━━ DATA SEGMENT
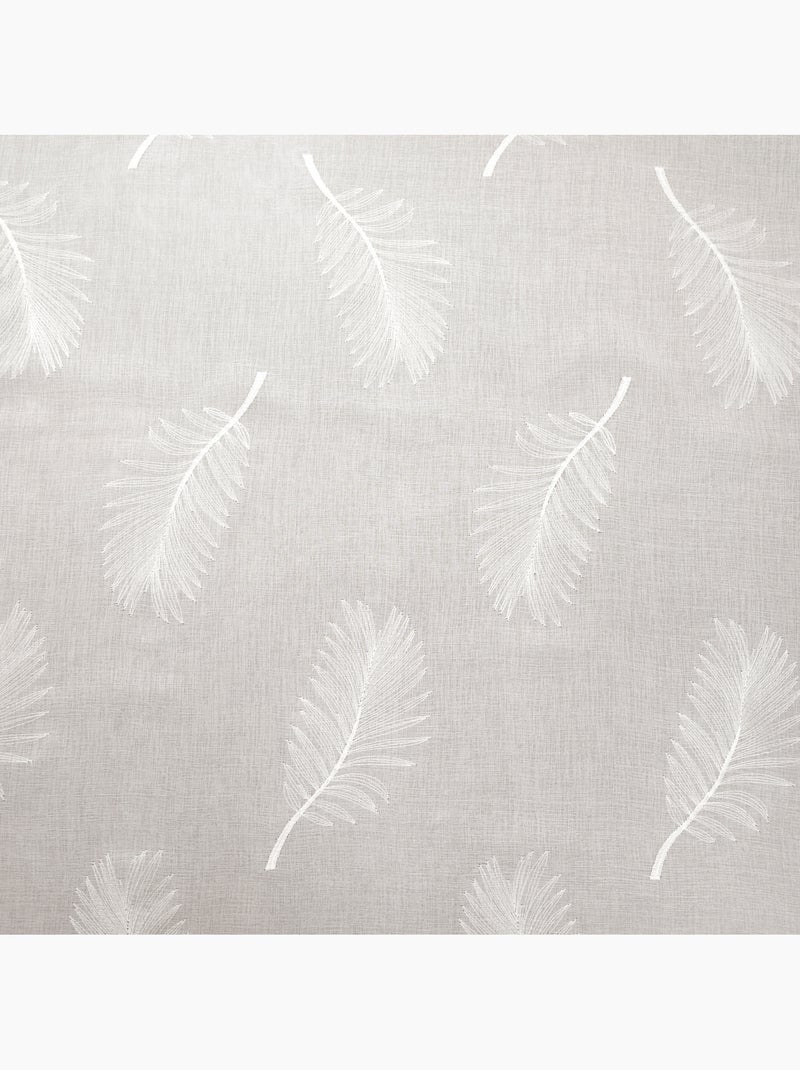 Voilage brodé à motifs feuilles Blanc cassé - Kiabi
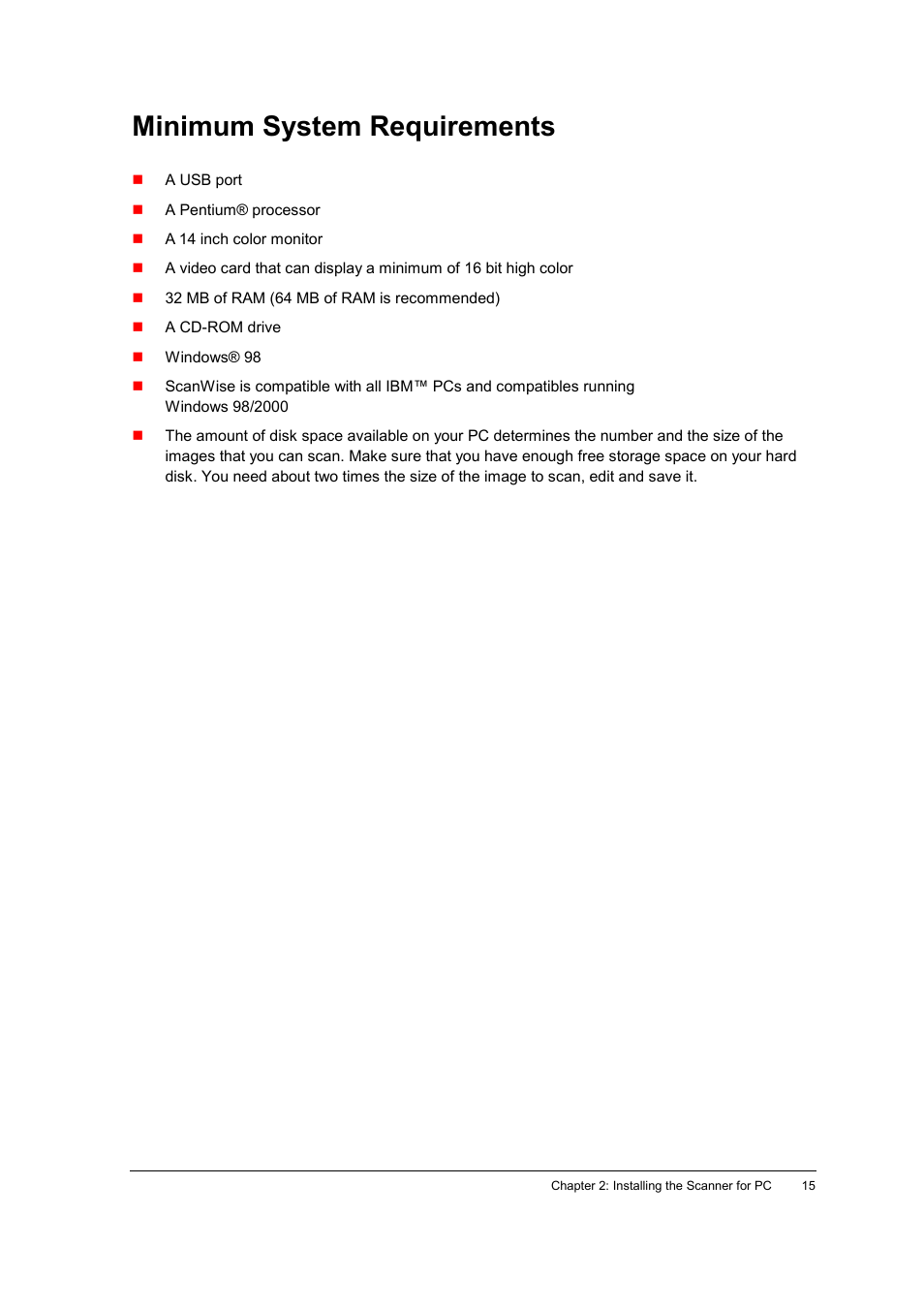 Minimum system requirements | AGFA E20 User Manual | Page 15 / 35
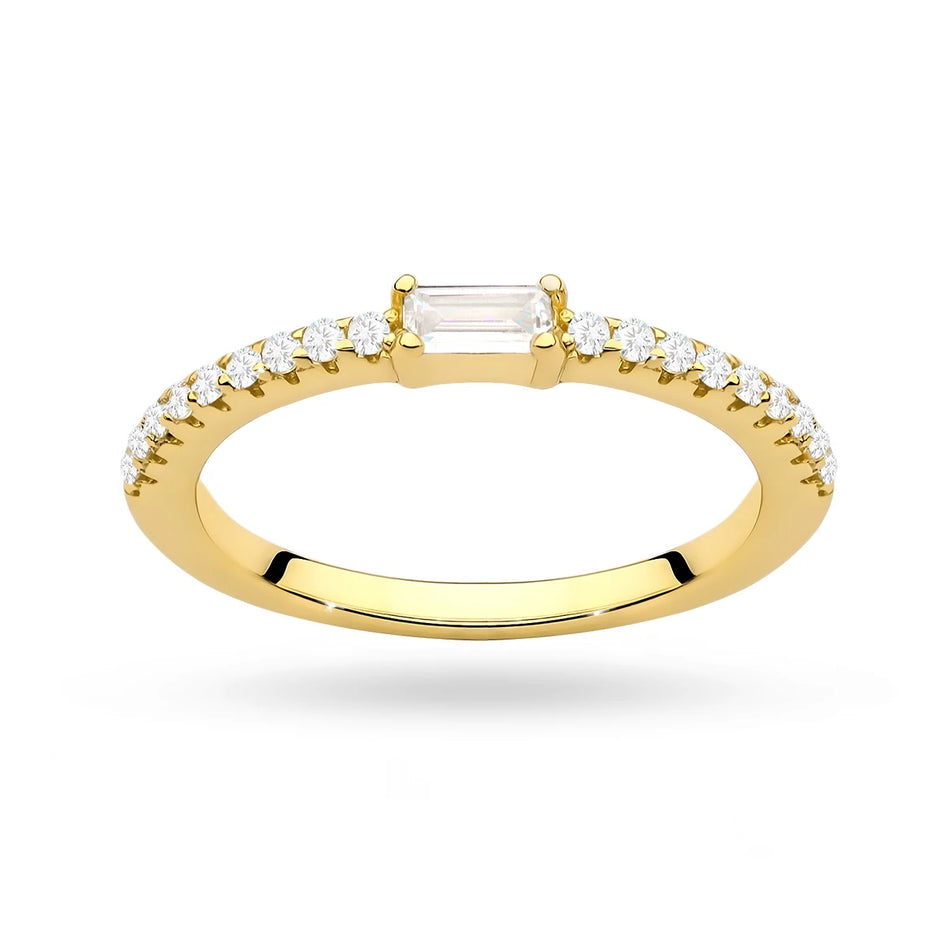 Gold-plated Silver Ring with Zirconia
━━━━
WORK ORDER:
Return the material in full and unaltered, minus its pictures.

ANSWER SPACE:
 Voilage brodé à motifs feuilles Blanc cassé - Kiabi
 Minimum system requirements | AGFA E20 User Manual | Page 15 / 35
 Gold-plated Silver Ring with Zirconia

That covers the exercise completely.